The game pits a vast array of mostly stock Nintendo characters against one another in a manner not unlike many other fighting games. The fights take place on levels which are themselves references to many Nintendo games. In this installment, Nintendo included Solid Snake from the "Metal Gear Solid Series" and Sonic the Hedgehog, two character cameos from other developers.

The unique combat system of "Brawl," which allows up to four players at once, is fast-paced and full of booby traps. On the one hand, "Brawl" is a self-referential homage; on the other, it's a drunken knife fight.

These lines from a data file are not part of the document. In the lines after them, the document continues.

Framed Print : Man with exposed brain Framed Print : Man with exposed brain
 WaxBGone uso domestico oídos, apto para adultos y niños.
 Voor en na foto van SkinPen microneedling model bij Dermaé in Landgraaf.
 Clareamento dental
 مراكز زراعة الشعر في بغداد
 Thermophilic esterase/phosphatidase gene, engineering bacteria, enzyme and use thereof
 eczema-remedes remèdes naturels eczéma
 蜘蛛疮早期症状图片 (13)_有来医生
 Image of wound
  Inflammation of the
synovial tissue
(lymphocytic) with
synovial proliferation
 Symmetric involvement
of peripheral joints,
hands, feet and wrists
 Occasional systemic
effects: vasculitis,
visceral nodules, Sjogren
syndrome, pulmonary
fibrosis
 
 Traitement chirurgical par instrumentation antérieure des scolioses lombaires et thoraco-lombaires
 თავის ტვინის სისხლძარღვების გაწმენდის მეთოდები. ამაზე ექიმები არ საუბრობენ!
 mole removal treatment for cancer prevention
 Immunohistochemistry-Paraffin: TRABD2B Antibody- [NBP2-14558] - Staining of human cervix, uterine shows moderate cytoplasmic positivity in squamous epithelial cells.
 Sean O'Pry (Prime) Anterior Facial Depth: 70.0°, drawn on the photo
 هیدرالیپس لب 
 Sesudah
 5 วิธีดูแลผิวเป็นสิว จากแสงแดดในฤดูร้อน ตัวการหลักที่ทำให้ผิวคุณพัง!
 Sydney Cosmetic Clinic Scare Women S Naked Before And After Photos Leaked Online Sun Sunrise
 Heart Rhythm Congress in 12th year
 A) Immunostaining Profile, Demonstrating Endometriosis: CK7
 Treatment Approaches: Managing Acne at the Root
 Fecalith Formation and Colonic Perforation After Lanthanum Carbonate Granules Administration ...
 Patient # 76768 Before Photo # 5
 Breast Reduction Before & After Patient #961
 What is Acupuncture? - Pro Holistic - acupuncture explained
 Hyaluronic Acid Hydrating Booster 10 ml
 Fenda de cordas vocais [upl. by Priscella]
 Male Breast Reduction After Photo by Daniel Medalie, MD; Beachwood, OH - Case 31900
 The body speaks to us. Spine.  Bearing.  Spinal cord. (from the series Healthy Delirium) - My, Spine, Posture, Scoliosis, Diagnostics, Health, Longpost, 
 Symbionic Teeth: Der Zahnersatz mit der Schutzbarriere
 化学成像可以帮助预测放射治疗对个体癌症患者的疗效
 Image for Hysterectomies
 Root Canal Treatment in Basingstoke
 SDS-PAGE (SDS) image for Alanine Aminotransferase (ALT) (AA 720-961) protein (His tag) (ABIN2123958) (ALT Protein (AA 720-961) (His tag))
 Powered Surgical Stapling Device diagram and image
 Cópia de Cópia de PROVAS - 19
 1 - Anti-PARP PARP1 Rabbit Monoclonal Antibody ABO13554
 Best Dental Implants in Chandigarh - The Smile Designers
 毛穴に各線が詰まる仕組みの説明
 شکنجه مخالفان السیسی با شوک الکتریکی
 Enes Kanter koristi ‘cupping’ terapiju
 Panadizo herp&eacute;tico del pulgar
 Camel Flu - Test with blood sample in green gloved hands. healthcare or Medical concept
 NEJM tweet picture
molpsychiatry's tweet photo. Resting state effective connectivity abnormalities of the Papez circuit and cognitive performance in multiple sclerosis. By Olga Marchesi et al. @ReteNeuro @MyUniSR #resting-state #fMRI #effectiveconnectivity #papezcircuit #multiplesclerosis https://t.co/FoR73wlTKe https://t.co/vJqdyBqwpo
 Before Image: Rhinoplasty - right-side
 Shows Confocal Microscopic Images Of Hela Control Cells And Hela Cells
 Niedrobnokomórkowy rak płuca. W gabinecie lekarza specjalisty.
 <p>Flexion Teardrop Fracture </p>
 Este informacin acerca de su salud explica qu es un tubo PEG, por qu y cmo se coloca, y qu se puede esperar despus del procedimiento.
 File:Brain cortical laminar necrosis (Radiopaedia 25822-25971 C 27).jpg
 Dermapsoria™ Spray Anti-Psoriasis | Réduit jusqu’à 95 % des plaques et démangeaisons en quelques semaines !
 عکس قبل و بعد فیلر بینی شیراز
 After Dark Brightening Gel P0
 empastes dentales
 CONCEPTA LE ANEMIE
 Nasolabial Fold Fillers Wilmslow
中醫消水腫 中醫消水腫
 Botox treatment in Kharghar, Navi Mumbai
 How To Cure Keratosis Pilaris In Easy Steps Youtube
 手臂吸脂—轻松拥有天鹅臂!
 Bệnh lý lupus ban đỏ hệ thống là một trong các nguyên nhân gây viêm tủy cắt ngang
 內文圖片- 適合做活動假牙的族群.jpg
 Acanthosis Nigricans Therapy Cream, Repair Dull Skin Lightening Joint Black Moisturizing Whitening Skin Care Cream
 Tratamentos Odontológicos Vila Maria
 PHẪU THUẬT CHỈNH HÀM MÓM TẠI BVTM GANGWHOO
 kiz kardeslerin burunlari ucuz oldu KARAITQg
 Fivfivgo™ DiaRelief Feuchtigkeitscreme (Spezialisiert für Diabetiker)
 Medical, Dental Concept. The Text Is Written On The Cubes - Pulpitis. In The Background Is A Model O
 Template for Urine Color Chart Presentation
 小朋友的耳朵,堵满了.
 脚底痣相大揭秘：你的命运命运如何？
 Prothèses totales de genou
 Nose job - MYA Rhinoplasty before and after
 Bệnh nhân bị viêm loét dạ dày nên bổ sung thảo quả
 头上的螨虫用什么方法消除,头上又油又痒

The year 2008 finds "Brawl" well, with great new characters and — gasp — an online feature. For most game fans (Nintendo loyalists in particular), the possibility of playing "Smash Brothers" online was like watching the sky open up and having God say to us, "Yeah, I like you guys."

But playing "Brawl" online left me wanting. The online play can be very laggy at times — and that's when it works. It did not work at all the first few nights. I received constant error messages, which referred me back to the Nintendo Web site.

Among the list of reasons for the problem: server trouble. After reading about similar experiences using these newfangled Internet tubes, I concluded that Nintendo obviously didn't plan for this.

The most asinine part of Nintendo's online experience is the use of "Brawl codes." Before you can seek out and play with your friends online, you must register their 12-digit friend code and vice versa.

The only time I want to remember a long strand of numbers is when a government check is involved. All the time I spent manually typing in each stupid little number was time I could've spent playing the game. Nintendo should find a way to streamline this process. Allowing a copy-and-paste function on the numbers or registration through via e-mail would be nice.

That said, there are several basic modes in "Brawl." The first is the four-player slugfest, which is always fun. There's also the "classic" single-player story mode, which I highly recommend for new players. It will put you through the paces of single and then multiplayer battles.

There's also the "Subspace Emissary" side-scrolling adventure. It uses the same combat mechanics as the brawl game and slaps them over a story which makes little or no sense. It does look pretty, and it gives you an excuse to train with lots of different characters. Sit back, push buttons and look at the pretty pictures.

The non-online portions of "Brawl" get five buttons out of five. I'm taking a wait-and-see approach before I make a decision on playing more "Brawl" online, however.


Chris Pittman said...

I have yet to successfully play a match under the "With Anyone" option. Fortunately, the offline potion of the game really is near perfect. I have lost hours upon hours of sleep hopping from mode to mode.

I am so sick of friend codes. I wish that Nintendo would adopt a proper online program (see PSN or Xbox Live).

The online mode needs serious patching by Nintendo or I will simply abandon it entirely. I just hope the company is prepared for Mario Kart next month. That game pretty much requires a smooth online experience for replayability purposes.

Dan Whisenhunt said...

I have had some success with that mode- and you're right- the non online portion is damn skippy.